Below are the distributions for the remaining variables. I am using Gaussian Naive Bayes for the analysis, which assumes a normal distribution for each of the predictors. Clearly, there are many factors which are not normally distributed and therefore may not work well with Gaussian Naive Bayes. Scikit learn, however, does not allow more than one distribution type be used for Bayes and therefore limits the capabilities of this algorithm.

In [None]:
ds_clean.hist(alpha = 0.7, figsize=(12,10), bins=5);

## Training and Testing Data

In [None]:
from sklearn.model_selection import train_test_split
Y = ds_clean['diagnosis']
X = ds_clean.drop(columns=['diagnosis'])
X_train, X_test, Y_train, Y_test = train_test_split(X, Y, test_size = 0.2, random_state = 9)
print('X train shape: ', X_train.shape)
print('Y train shape: ', Y_train.shape)
print('X test shape: ', X_test.shape)
print('Y test shape: ', Y_test.shape)

## Naive Bayes

In [None]:
from sklearn.naive_bayes import GaussianNB
from sklearn.metrics import accuracy_score

# fit the model
clf_nb = GaussianNB()
clf_nb.fit(X_train, Y_train)

pred_nb = clf_nb.predict(X_test)

# get the accuracy score
acc_nb = accuracy_score(pred_nb, Y_test)
print(acc_nb)

This prediction model accurately predicts a breast cancer diagnosis about 95.54% of the time.

## Confusion Matrix

In [None]:
from sklearn import svm, datasets
from sklearn.model_selection import train_test_split
from sklearn.metrics import plot_confusion_matrix

# Run classifier, using a model that is too regularized (C too low) to see
# the impact on the results
classifier = svm.SVC(kernel='linear', C=0.01).fit(X_train, Y_train)

np.set_printoptions(precision=2)

In [None]:
# Plot non-normalized confusion matrix
titles_options = [("Confusion matrix", None)]
for title, normalize in titles_options:
    disp = plot_confusion_matrix(classifier, X_test, Y_test,
                                 #display_labels=class_names,
                                 cmap=plt.cm.Reds,
                                 normalize=normalize)
    disp.ax_.set_title(title)

    print(title)
    print(disp.confusion_matrix)

plt.show()

The confusion matrix shows that if the model predicts the tumor is benign, the probability is approximately 93.4% that the diagnosis is correct, and therefore there is a 6.6% chance that the tumor is actually malignant when the software predicted it was benign. Similarly, if the program predicts a malignant diagnosis, there is approximately a 91.67% chance that the tumor was correctly identified and an 8.33% chance the tumor is actually benign. 

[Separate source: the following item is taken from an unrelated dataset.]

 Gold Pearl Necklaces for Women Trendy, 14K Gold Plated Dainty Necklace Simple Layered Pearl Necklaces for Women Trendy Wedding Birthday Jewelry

There is a significant risk with using this model to generate predictions because of the severe consequences that could arise if a patient is given an incorrect diagnosis. If they are incorrectly told their tumor is benign, then they will not recieve the proper treatement for the cancer. Similarly, if the tumor is incorrectly predicted as malignant, there could be undue stress put upon the patient which would otherwise be avoided with a more accurate model.